Top of WORKING DATA

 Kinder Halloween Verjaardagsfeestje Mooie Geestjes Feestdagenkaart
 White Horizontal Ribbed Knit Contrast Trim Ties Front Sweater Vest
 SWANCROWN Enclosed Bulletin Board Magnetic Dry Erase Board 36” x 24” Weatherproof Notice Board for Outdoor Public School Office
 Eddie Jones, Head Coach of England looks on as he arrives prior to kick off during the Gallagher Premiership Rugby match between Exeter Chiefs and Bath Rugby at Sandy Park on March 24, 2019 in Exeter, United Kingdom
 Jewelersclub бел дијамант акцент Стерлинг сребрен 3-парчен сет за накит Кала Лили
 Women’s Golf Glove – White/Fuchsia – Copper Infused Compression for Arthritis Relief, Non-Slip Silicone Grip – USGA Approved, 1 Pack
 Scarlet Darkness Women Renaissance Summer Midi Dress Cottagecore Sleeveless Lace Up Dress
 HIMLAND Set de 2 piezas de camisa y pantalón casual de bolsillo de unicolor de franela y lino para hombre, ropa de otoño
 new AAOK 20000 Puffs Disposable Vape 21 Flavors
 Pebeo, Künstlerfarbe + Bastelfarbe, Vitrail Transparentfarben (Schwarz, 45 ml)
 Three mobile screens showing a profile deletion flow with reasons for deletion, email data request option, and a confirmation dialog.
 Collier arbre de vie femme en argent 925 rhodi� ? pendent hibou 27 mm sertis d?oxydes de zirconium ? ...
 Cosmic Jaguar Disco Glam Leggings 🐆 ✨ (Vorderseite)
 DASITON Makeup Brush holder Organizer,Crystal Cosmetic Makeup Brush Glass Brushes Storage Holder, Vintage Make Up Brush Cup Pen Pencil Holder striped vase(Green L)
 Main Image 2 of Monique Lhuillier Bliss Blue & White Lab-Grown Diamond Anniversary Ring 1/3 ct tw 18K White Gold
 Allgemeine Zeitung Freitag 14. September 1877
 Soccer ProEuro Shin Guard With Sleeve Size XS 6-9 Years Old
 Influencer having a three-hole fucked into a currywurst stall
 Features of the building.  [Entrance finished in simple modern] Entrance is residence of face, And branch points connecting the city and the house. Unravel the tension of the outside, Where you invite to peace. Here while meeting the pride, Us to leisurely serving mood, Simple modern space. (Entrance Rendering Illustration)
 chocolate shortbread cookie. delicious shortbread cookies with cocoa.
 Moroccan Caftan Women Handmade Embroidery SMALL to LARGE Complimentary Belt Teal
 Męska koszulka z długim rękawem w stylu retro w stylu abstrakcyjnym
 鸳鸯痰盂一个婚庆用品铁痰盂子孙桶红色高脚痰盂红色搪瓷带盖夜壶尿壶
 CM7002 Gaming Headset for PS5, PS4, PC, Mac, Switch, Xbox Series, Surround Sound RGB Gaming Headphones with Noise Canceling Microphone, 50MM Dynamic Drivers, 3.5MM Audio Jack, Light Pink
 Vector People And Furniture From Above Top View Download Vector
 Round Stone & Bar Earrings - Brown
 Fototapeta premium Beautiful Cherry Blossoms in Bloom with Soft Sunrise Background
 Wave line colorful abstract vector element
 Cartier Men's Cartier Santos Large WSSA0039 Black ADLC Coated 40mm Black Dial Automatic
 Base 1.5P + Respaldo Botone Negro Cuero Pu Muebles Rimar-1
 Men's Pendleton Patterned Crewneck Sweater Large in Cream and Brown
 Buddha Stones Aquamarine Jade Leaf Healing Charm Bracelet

Bottom of WORKING DATA

Every line in the records above with the string "Sweater" in it should be shown.

 White Horizontal Ribbed Knit Contrast Trim Ties Front Sweater Vest
 Men's Pendleton Patterned Crewneck Sweater Large in Cream and Brown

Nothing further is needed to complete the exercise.